FLAST CASE BRIEF : IBBOT & BAUMER [2019] FamCA 138

This is a family law matter concerning children and parenting.  The final judgment has been reserved and the father as made an to re-open a trial that concluded on 16 November 2018 and for new evidence to be adduced.
The father alleges that he has not seen or spoken to the two children (both boys) aged eight and five, since before the trial  and the orders currently in place do not provide for the children to spend any time with the father.  These orders were not sought to be varied at the trial while the judgment is reserved.
The father filed an affidavit in support of the Application in a Case. In that affidavit the father deposes to not having seen the boys since September 2018, including not being allowed to see them on Christmas Day 2018, nor being allowed to provide them with bicycles that he had purchased them for Christmas. He also deposed to not being “allowed ... to speak to [the] children via telephone since the Hearing in November 2018”.
A second affidavit of the father was filed on 5 March 2019. It contained the deposition of the father that he “will not be attending a Contact Centre now or in the future as [he has] done nothing wrong to require supervision”.
He also said:


I will accept time with the children from 9:00AM Saturday until 4:00PM Saturday unsupervised and from 9:00 AM Sunday until 4:00 PM Sunday unsupervised every second weekend as well as school holiday time. However... the mother cannot encourage a meaningful relationship between myself and the children. I say that it is not in the best interest [sic] of these children to live with the mother and I am prepared to accept a live with order. I asked this Honourable Court for a change of residence for the children.

Determining the parenting proceedings involves determining allegations made by the mother that the father has perpetrated sexual abuse against one or both of the boys and that they would be placed in a situation of unacceptable risk if they have unsupervised time with him in the future.
The Judge said with respect to the father and his solicitor, I do not consider that the evidence would affect the result of the case. The father’s solicitor would know, even if the father does not, that this Court is not going to make its determination as to whether the orders should provide for the children to spend supervised or unsupervised time with the father on the sole basis of whether or not the father is willing to be supervised at a contact centre.

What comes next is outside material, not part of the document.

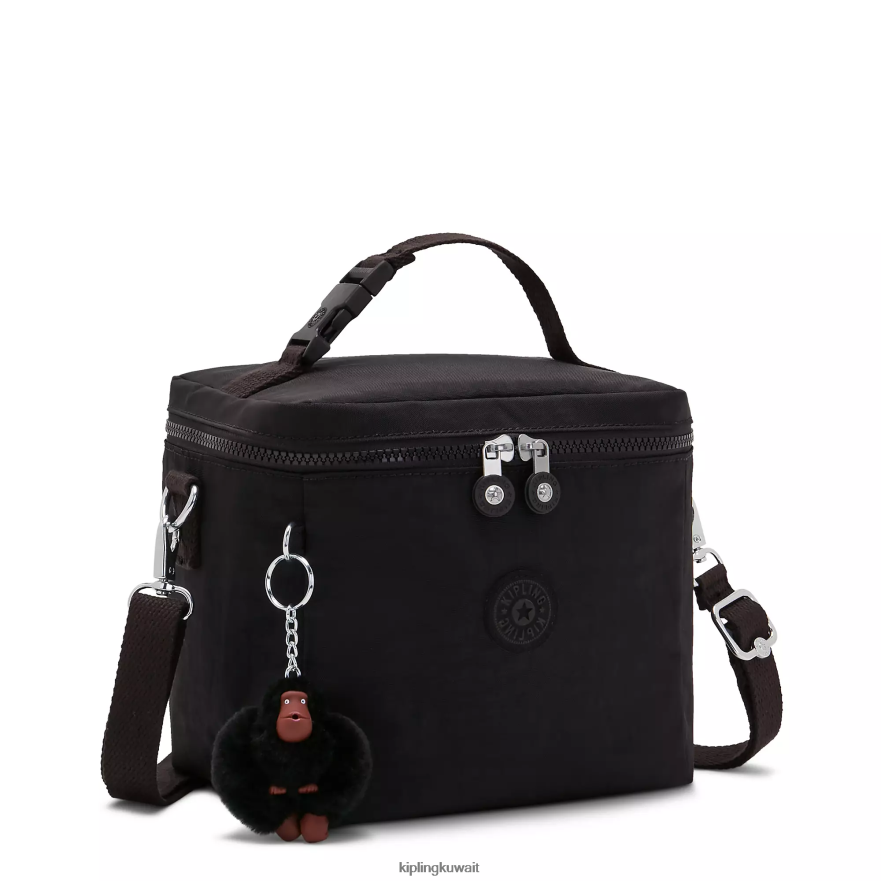 Kipling حقيبة غداء غراهام نحيف أسود قاتم ZR2RH652 أكياس الغداء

The provisions of ss 60CC(1), (2) and (2A) of the Family Law Act 1975 (Cth) make it clear that greater weight is to be given to the consideration of the safety of the children than to the consideration of the need to maintain a meaningful relationship between the children and both their parents.
The judge went on to examine the father's claims that the mother was not allowing telephone communication with the children and said to be clear, the ICL submitted in very few words that there was no merit in the father’s application. She quite rightly submitted that if the father has a complaint that the mother has not been complying with the interim orders that provide for telephone communication as she is required to, that he should be filing an application for her to be dealt with for contravention of those orders not an application to re-open the trial. She also quite rightly submitted that he should have focused his efforts, whilst waiting for the judgment, on finding a supervisor or a supervising centre that would meet with the approval of the mother and the ICL, or, I add, at least of the Court.
The Court considered in this case that the mother would suffer significant prejudice if the matter were re-opened.
HELD : The Application in a Case is dismissed.